The Orphan's Guilt (Joe Gunther Series (31))

Image of The Orphan's Guilt: A Joe Gunther Novel (Joe Gunther Series, 31)
Release Date: 
September 29, 2020
Minotaur Books
Reviewed by: 

“If you’re not already a fan of Archer Mayor, then here’s the opportunity to find out why so many people are.”

Some people describe storytellers as “weavers of tales.” In that context we can consider Archer Mayor a master weaver. In his latest entry in the Joe Gunther mystery series he has woven a story so tight it has no frayed or dangling threads, no pattern breaks or color flaws. Instead it’s a marvelous construction of plot, character, and setting that would need a chainsaw to rend apart.

Thirty previous volumes in this series have honed the author’s skill. It’s given credence from his personal experience in various aspects of law enforcement and emergency response work, plus decades of living in the series’ setting: Vermont.

Vermont is as much of a character in these stories as their central protagonist, Joe Gunther—squad leader of the (fictional) Vermont Bureau of Investigation—and his longtime, hand-picked team. In prose that makes readers who live in Vermont alternately nod, sigh, or weep, he accurately conveys the mix of the state’s calendar-picture perfection and seamy underbelly, highlighting its wealth and poverty, layers of contradictory cultures, and their effects upon each other, along with individual traits of the towns, quadrants, and seasons.

Not to mention crime.

The VBI’s jurisdiction is intrastate murder, so each story is a police procedural. This volume is so engrossingly procedural it answers many questions of how and why the different police forces operate, separately and together.

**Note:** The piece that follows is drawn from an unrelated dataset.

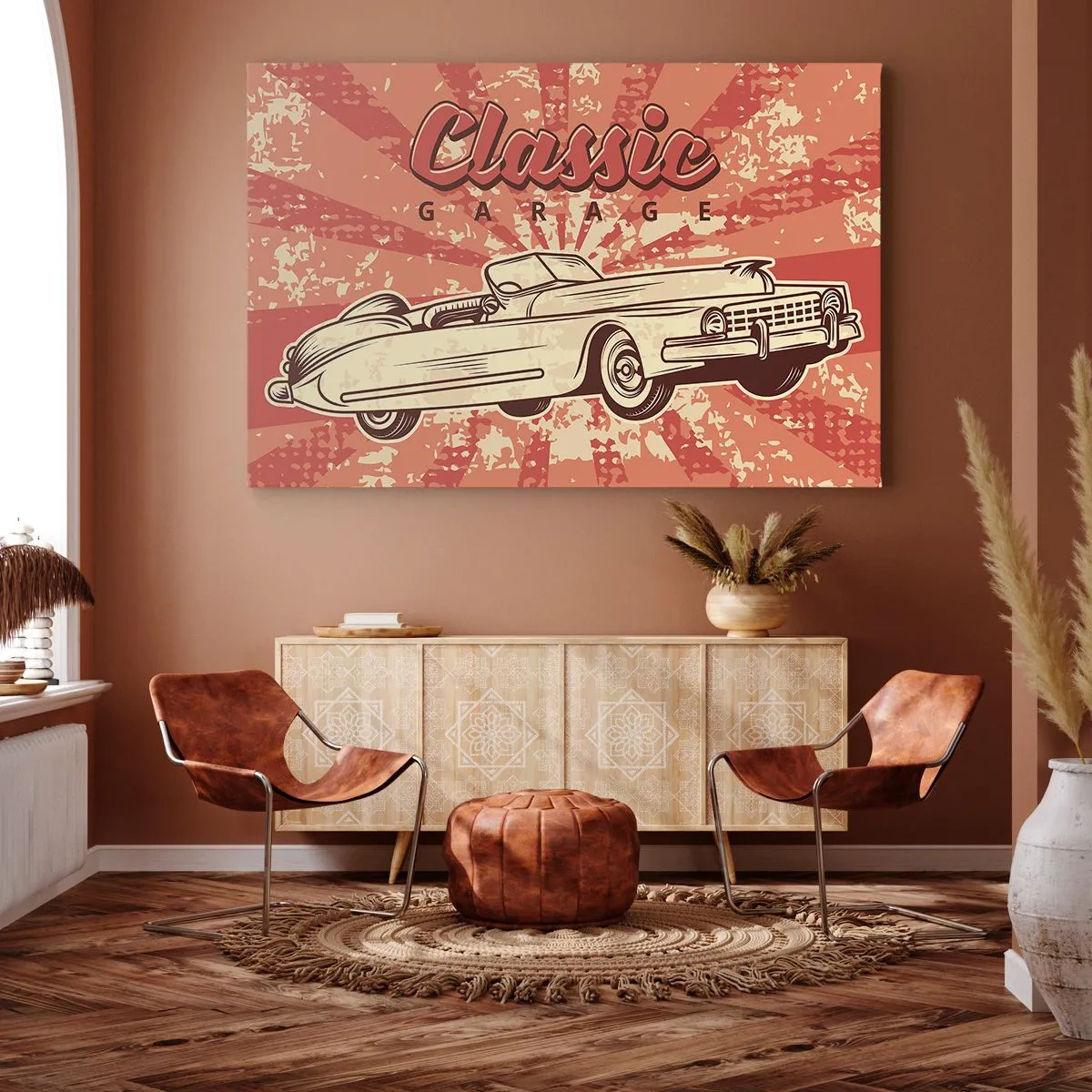 Tablou pe pânză Canvas - Poster retro cu o mașină clasică și cuvintele Classic Garage - 70x50cm - Și la radio Elvis - Decorațiune modernă pentru perete pentru living și dormitor ARTTOR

In The Orphan’s Guilt that includes relationships with attorneys, reporters, and private investigators to pull all the threads together.

It just so happens that most of these characters know each other personally and have boundaries they must stay within that restrict their ability to help each other, adding tension and conflict to the need for sharing knowledge.

Everyone’s aim starts out from diverse corners but converges steadily to the center. Gunther’s VBI team is engaged to investigate murders of people connected to a cold case from two-plus decades previous. It begins when a brain-damaged young man finally dies from his condition, cutting loose his brother who has cared for him loyally since childhood, all alone.

That brother promptly goes on a bender and gets himself arrested for drunk driving. He engages an attorney who engages an investigator to find positive character information to lessen the consequences of the brother’s charges. Then the brother disappears.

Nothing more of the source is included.